You are viewing a plain text version of this content. The canonical link for it is here.
Posted to user@spark.apache.org by "David P. Kleinschmidt" <da...@kleinschmidt.name> on 2015/10/30 13:44:46 UTC
Spark Streaming (1.5.0) flaky when recovering from checkpoint
I have a Spark Streaming job that runs great the first time around (Elastic
MapReduce 4.1.0), but when recovering from a checkpoint in S3, the job runs
but Spark itself seems to be jacked-up in lots of little ways:
- Executors, which are normally stable for days, are terminated within a
couple hours. I can see the termination notices in the logs, but no related
exceptions. The nodes are active in YARN, but Spark doesn't pick them up
again.
- Hadoop web proxy can't find Spark web UI ("no route to host")

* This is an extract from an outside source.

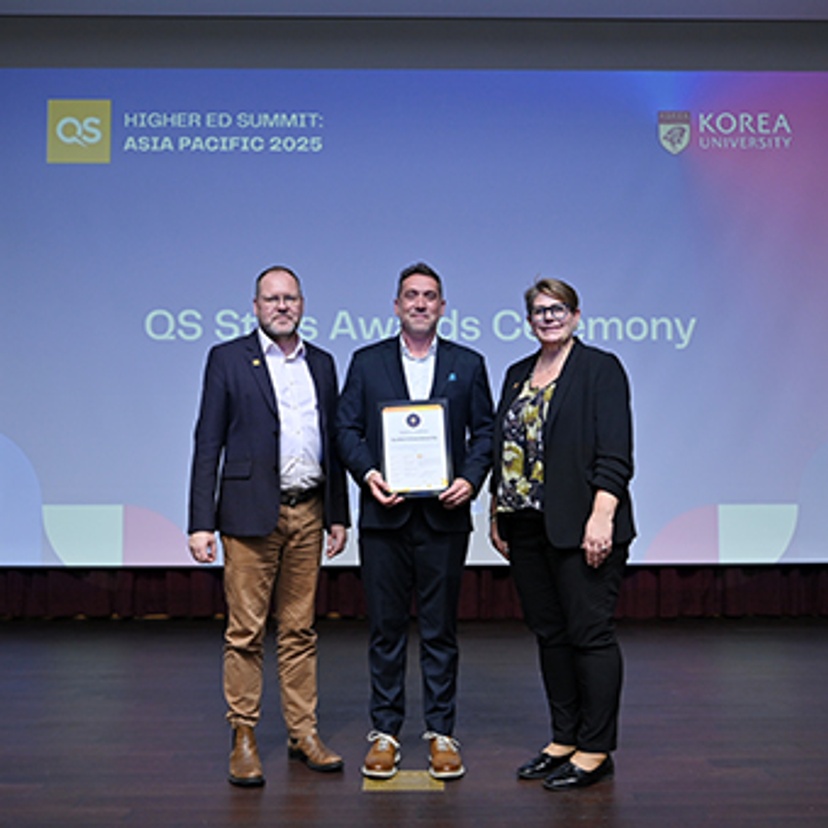 Renaud accepting award at QS Stars ceremony in South Korea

- When I get to the web UI, the Streaming tab is missing
- The web UI appears to stop updating after a few thousand jobs
I'm kind of at wits end here. I've been banging my head against this for a
couple weeks now, and any help would be greatly appreciated. Below is the
configuration that I'm sending to EMR.
- dpk
[
{
"Classification": "emrfs-site",
"Properties": {"fs.s3.consistent": "true"}
},
{
"Classification": "spark-defaults",
"Properties": {
"spark.default.parallelism": "8",
"spark.dynamicAllocation.enabled": "true",
"spark.dynamicAllocation.minExecutors": "1",
"spark.executor.cores": "4",
"spark.executor.memory": "4148M",
"spark.streaming.receiver.writeAheadLog.enable": "true",
"spark.yarn.executor.memoryOverhead": "460"
}
},
{
"Classification": "spark-env",
"Configurations": [{
"Classification": "export",
"Properties": {"SPARK_YARN_MODE": "true"}
}]
},
{
"Classification": "spark-log4j",
"Properties": {"log4j.rootCategory": "WARN,console"}
}
]